The Securities and Exchange Commission is looking into the accounting practices six companies’ use in calculating pension and other post-retirement benefit costs, according to published reports.
Last week, Boeing, Ford, General Motors, Navistar, Northwest Airlines, and Delphi reportedly admitted to receiving requests for information from the regulatory agency. Each of the companies said they are prepared to cooperate fully with the probe.
The SEC is said to be looking into whether companies create so-called “cookie-jar” reserves that they can tap when they need to boost revenue during challenging times.
“I anticipate us working closely with them,” Ford chairman Bill Ford said last week after speaking at an automotive conference, according to the Associated Press. “We’re a very transparent company and will continue to be so. Everything we’ve done is out there for everyone to see, so there’s nothing to hide.”
Boeing reported that the SEC has stated that the inquiry shouldn’t be construed as an indication by the commission that any breach of the laws has occurred. “Boeing believes that its accounting policies and practices are in accordance with the highest standards and are accurate and complete,” it said in a statement. “However, due to the early stage of this matter, the company is unable to predict what conclusions, if any, the SEC will reach.”
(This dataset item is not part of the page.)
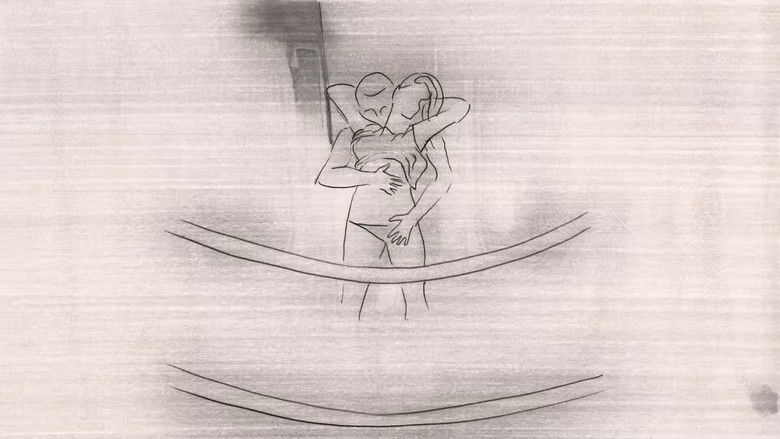 кадр из фильма The Backward Astronomer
Northwest Airlines confirmed that it received an informal request from the SEC for the information. “We believe our accounting practices are sound and we are fully cooperating with this request,” said Bernie Han, Northwest’s CFO, during a quarterly conference call Wednesday with analysts and reporters, according to AP.
Meanwhile, activist groups are calling on regulators to look into the way companies report pension information in their filings.
For example, the United Steelworkers of America fired off a press release last week requesting that the SEC investigate whether RTI International Metals violated federal securities law by failing to notify shareholders how much RTI’s recent modification of its supplemental executive retirement plan will cost the company.
The Wall Street Journal reported that the Lucent Retirees Organization asked the SEC to examine Lucent Technologies Inc.’s pension accounting practices. The group pointed out that the pension plan kicked in $1.1 billion to the company’s income in 2004 in a year when the company reported $1.2 billion in operating profit, according to the paper.
“Over the past five years, Lucent has consistently generated pension income that has reduced reported losses,” said Michael Calabrese, director of non-partisan think-tank New America Foundation’s Retirement Security Program, which advises retiree groups, according to the report.
Mary Lou Ambrus, a spokeswoman for Lucent, told the paper: “Our pension plans are accounted for and managed in strict accordance with all legal and accounting requirements.”
She added that Lucent once again announced plans to cut its expected rate of return and discount rate for 2005, which it expects will reduce pension income by about $200 million.